O Comitê de Política Monetária (Copom) do Banco Central reduziu a taxa Selic pela terceira vez consecutiva em maio, levando-a para 10,25% ao ano. Para muitos analistas, o ciclo de afrouxamento monetário que se iniciou no segundo semestre de 2025 representa uma virada importante para a economia brasileira — mas os efeitos sobre o crédito empresarial são mais complexos do que parecem.

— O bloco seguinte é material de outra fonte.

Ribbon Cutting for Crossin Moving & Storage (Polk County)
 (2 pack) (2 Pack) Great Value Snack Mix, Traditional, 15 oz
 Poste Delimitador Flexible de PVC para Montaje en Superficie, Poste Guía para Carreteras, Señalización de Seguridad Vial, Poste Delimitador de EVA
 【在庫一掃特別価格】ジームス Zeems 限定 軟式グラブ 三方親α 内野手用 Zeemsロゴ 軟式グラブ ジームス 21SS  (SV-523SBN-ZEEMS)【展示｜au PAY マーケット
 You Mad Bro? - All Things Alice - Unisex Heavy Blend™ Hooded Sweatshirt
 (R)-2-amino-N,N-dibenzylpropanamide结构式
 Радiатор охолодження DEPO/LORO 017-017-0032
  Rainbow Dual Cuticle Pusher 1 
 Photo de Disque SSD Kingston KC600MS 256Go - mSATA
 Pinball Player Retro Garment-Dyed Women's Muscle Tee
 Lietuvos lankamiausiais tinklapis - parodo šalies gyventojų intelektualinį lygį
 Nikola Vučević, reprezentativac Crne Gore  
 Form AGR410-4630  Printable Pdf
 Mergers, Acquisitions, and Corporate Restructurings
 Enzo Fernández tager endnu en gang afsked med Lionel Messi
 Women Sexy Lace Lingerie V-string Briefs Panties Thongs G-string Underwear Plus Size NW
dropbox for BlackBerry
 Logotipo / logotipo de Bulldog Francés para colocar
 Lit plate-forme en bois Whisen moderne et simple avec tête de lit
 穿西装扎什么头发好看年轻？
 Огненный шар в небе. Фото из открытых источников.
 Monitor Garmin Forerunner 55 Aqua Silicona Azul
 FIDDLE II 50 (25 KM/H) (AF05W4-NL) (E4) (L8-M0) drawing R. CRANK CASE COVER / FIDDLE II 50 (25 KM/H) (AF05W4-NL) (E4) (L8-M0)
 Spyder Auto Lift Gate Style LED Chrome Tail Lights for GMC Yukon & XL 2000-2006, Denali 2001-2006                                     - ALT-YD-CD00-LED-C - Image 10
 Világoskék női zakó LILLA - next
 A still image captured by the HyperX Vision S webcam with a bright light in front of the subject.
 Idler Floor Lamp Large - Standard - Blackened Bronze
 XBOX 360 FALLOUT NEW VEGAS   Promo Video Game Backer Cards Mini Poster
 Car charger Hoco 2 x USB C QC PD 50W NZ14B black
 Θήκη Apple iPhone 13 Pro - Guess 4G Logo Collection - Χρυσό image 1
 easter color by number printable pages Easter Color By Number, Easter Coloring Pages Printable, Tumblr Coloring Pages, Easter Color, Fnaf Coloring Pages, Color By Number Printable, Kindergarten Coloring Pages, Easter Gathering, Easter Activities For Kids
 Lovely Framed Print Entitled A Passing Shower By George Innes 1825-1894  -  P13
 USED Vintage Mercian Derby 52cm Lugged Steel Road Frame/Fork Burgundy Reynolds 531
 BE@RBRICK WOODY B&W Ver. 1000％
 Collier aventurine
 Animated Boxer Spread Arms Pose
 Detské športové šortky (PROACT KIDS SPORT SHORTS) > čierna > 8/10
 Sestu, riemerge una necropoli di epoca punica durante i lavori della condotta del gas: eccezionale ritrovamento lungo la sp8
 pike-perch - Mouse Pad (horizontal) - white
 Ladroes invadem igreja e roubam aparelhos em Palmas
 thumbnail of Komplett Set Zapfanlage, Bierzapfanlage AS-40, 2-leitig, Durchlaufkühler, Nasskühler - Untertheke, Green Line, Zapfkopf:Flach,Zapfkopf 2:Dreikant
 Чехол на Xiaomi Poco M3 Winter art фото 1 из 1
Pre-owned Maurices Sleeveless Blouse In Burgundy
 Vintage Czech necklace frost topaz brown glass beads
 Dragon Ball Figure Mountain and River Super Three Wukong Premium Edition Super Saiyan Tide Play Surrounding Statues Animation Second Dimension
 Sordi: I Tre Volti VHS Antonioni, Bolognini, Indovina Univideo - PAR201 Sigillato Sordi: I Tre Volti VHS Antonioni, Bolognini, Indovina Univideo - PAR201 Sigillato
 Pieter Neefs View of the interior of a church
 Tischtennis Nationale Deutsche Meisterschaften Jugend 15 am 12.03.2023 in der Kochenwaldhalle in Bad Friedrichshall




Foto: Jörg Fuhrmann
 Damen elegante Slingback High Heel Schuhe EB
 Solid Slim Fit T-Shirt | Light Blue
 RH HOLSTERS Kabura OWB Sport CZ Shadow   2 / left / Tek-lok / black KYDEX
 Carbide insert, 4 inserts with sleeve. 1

A lógica básica é simples: juros mais baixos reduzem o custo do dinheiro, o que deveria baratear o crédito para empresas e estimular o investimento. Na prática, porém, o que os dados mostram é que os spreads bancários — a diferença entre o custo de captação dos bancos e a taxa cobrada dos clientes — permanecem em patamares historicamente elevados.

O problema dos spreads

Segundo dados do Banco Central, o spread médio para pessoa jurídica no Brasil ficou em 14,3 pontos percentuais em abril de 2026 — praticamente o mesmo nível de dois anos atrás, quando a Selic estava em 13,75%. Isso significa que, na prática, a queda dos juros básicos não está se traduzindo em crédito mais barato para as empresas na mesma proporção.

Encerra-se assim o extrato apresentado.